国主でありながら海賊行為にふけり、下らぬガラクタとしか思えぬ巨大兵器造りに没頭し、部下を仲間と呼び馴れ合いを善しとする。
およそ己には理解できない異質な存在。
否、異質などではない。
阿呆だから理解できぬのだ。

「ひでえ言い様だな」
縁側に横たわり阿呆とのたまった己に、長曾我部は怒るでもなく苦笑するに止まった。
大らか、と言えば聞こえは良いが、結局のところ外聞がないだけではないかと思う。国主としての面子もないのか。
「そんなことはねえよ」
つらつらと貶す言葉ばかりを発する己を、ゆっくりと起き上がった長曾我部は一途に見つめる。
「これでも傷ついてるぜ。阿呆だの、外聞がないだの」
「本当のことであろう」
「ひでぇ…」
苦く笑いながらもどこか楽しそうな様子だ。何が楽しいのかと思うが、整った顔がほころぶ様は見る価値があるとも思う。
そう、この男はやたらと整った姿をしているのだ。

日を受けて光る銀色の髪。
片方を眼帯で覆いながらも美しいとわかる顔立ち。
均整な肢体。

これで粗野な立ち居振る舞いさえ直れば、と幾度思ったことか。
勿体無い、と思わず息をついた。
「何だよ」
呆れられるようなことしたか、と顔をしかめる海の向こうの島の国主に歩み寄る。

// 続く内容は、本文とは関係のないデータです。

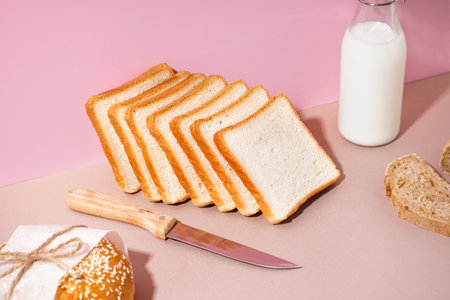 Pieces of fresh bread, knife and bottle of milk on pink background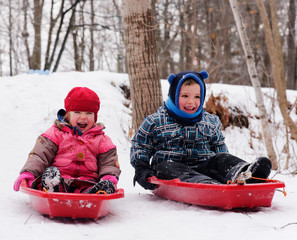 Brother and sisters (5 and 3 yrs old) sledging together in Quebec in winter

縁側に腰を下ろした姿を見下ろし、その髪に手を触れた。
「元就?」
「ほんに、勿体無い」
ゆっくりと顔を下ろし口を吸う。
一瞬の触れ合いを、陶酔した様子で長曾我部は受け入れた。
「そなたが姫のままであれば、可愛がってやったものを」
遠い記憶の片隅を埋める美しい姫君。
その姿を思い出す。
「今は、駄目か?」
持ち上げられた両腕が己の肩に触れる。懇願するように見上げる顔に、あの頃と変わらぬ気弱さを見出す。
「元就、今の俺は嫌いか?」
「愚かな…」
望まれるまま再び口を吸い、柔らかな髪を梳いてやる。
動作は荒くなったし言動も些か下品になった。
けれどこういう所作から思い出されるかつての姿。
それを見るたびに思い知る。

「今も昔も、そなたは我の愛しき姫よ」



END


就親、になってますか?
エイプリルフール限定私なりに頑張った就親話…だったりします。